[YOUR ASSIGNMENT]: A single number is required: the count of lines in the entries below that include the word "Nike".

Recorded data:

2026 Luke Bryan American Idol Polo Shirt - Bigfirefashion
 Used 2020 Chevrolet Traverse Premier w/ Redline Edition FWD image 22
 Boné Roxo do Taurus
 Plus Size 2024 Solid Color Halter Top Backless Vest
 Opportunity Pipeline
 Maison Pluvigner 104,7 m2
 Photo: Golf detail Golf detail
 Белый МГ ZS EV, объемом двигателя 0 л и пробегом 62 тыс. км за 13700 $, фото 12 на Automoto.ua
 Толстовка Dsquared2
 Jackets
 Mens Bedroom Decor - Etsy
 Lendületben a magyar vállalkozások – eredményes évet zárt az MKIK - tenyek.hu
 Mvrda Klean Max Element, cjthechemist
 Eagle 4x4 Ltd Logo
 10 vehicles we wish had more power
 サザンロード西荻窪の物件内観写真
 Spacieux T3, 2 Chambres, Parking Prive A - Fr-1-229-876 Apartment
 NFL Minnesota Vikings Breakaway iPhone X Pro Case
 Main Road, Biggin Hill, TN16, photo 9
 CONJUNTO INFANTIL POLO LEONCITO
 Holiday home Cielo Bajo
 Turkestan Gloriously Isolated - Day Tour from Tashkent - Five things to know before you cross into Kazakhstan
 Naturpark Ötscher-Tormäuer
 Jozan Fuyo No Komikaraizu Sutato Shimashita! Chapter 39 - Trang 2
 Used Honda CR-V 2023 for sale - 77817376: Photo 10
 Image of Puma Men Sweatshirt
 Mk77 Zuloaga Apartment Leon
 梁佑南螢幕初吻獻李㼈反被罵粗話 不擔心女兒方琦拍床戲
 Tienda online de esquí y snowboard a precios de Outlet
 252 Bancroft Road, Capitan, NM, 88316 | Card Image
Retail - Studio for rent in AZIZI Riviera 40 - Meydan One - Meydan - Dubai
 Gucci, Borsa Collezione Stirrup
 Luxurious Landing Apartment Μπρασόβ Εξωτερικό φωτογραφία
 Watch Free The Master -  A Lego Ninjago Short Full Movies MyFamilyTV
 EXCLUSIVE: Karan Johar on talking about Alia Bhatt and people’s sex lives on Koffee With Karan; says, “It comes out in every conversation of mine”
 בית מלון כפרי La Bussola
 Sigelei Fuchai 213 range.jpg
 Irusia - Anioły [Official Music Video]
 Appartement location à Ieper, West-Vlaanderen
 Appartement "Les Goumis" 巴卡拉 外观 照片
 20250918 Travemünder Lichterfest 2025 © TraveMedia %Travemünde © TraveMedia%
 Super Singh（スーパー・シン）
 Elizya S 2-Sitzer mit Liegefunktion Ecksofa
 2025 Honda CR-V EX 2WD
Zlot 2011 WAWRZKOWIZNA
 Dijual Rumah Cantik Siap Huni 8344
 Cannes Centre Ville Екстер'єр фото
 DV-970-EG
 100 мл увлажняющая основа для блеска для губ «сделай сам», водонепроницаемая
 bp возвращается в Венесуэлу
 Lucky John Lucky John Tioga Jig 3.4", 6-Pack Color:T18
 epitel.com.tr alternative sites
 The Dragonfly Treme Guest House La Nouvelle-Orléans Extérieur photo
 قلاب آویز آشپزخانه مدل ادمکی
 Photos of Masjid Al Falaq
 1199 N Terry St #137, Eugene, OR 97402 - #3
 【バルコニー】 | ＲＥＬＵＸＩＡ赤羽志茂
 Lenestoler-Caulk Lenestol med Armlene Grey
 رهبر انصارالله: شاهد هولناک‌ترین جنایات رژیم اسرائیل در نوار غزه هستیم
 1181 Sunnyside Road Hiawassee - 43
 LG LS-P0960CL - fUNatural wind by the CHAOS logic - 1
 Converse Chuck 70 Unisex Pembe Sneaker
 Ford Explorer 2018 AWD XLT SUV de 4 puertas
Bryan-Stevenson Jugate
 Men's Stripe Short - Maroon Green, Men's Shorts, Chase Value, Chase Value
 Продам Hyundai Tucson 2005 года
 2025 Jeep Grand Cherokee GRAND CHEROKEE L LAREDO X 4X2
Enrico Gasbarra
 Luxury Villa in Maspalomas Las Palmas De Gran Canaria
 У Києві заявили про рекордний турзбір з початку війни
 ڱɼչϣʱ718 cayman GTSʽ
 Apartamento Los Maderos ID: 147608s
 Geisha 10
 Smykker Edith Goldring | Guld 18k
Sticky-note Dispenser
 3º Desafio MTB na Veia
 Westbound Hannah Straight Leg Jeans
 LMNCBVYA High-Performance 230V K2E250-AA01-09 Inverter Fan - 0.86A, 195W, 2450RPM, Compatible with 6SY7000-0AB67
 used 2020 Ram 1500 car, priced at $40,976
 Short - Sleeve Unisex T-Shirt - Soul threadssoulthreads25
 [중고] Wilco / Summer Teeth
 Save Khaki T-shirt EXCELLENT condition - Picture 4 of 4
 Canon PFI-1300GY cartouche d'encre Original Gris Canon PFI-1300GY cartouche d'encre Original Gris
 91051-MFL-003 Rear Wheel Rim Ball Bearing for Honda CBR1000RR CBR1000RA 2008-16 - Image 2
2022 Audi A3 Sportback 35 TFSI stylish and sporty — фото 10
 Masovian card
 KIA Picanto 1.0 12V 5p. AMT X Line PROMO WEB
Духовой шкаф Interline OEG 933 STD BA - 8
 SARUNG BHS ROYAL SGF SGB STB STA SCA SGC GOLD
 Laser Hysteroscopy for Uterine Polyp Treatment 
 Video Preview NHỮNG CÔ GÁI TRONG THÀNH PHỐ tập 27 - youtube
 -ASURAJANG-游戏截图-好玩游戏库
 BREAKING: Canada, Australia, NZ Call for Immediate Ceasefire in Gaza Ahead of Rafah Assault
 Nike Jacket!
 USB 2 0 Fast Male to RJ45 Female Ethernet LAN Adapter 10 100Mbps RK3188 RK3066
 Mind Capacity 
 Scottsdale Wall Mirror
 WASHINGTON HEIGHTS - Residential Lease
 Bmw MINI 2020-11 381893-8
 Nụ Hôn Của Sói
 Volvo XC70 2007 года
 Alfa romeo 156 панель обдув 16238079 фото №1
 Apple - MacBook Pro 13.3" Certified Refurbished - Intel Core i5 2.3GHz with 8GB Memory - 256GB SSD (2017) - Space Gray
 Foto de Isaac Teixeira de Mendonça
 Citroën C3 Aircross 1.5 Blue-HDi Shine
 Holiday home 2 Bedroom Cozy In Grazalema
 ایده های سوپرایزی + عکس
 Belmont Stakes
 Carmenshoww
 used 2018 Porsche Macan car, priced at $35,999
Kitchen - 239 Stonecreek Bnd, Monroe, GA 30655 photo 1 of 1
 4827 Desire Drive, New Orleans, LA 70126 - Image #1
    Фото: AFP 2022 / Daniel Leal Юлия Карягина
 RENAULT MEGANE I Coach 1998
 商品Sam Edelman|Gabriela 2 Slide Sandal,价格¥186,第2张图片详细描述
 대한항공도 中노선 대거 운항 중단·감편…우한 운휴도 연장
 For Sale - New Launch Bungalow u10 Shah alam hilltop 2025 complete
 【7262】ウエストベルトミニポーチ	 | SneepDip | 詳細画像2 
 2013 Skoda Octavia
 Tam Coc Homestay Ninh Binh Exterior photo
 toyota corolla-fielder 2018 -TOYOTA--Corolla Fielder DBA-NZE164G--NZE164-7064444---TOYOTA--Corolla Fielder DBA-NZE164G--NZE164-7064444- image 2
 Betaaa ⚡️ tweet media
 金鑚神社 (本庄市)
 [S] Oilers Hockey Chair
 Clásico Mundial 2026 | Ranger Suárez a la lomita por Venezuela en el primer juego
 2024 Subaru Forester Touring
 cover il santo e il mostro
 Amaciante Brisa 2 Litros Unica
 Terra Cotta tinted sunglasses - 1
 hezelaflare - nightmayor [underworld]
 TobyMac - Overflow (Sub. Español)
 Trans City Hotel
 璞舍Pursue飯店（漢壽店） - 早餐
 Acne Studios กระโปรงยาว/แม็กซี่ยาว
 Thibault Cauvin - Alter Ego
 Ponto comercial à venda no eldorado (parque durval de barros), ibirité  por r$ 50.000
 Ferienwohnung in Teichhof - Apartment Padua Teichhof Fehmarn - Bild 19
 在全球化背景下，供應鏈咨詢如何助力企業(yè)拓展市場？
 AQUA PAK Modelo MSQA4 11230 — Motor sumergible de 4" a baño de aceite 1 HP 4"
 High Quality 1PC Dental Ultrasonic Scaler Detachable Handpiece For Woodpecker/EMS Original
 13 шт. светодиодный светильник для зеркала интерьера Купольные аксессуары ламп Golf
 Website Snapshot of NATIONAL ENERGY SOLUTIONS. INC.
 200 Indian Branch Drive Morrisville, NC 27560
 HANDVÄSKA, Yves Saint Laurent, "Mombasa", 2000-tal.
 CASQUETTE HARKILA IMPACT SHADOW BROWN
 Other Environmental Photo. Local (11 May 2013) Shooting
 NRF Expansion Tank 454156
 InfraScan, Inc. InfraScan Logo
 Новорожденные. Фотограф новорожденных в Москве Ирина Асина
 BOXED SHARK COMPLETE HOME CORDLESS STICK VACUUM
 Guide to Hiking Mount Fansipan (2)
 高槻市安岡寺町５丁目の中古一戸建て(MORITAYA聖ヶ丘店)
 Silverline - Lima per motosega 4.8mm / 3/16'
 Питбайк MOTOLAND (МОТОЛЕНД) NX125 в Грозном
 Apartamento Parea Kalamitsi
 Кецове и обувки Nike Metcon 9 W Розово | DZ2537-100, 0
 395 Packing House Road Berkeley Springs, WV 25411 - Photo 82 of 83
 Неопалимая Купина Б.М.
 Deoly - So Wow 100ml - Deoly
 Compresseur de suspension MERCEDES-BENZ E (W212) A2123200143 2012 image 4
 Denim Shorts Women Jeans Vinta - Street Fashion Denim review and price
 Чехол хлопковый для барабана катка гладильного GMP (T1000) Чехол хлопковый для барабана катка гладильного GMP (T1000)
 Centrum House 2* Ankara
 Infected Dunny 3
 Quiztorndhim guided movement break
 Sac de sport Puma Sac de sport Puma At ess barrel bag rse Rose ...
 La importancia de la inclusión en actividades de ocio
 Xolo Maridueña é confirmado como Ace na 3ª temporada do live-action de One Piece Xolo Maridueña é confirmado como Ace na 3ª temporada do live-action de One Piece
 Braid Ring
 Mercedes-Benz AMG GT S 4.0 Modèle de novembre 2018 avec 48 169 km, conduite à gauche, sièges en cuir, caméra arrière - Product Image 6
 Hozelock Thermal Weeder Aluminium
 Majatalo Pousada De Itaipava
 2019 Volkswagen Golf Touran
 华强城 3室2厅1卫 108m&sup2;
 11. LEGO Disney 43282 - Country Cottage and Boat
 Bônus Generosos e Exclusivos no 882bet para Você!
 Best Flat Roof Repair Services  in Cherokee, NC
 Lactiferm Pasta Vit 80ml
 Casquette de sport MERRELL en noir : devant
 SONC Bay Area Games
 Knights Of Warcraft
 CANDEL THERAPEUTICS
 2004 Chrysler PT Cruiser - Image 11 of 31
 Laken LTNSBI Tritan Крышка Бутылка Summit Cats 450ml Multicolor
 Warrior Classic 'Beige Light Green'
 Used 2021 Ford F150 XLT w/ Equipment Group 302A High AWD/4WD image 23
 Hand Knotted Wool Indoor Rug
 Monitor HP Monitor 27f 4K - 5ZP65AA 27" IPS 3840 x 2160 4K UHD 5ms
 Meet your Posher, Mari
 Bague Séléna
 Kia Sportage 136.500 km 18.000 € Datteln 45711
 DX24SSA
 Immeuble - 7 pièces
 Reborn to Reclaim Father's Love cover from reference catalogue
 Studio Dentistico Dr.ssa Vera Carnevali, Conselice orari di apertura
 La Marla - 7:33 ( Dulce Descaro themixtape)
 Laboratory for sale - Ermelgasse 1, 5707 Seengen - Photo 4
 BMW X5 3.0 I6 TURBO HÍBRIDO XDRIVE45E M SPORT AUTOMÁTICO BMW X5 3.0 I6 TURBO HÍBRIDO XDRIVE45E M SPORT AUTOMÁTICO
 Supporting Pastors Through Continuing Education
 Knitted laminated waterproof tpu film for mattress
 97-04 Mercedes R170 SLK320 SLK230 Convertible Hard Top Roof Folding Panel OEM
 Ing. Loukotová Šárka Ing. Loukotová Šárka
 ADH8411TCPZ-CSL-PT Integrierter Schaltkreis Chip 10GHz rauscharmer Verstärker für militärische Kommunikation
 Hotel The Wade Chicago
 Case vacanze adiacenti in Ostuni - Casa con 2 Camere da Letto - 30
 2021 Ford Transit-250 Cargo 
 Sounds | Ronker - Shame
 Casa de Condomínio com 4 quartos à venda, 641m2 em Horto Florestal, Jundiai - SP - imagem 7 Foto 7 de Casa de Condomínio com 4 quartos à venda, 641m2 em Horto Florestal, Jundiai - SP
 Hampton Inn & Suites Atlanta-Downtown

[SOLUTION FOR THIS PROBLEM]: 2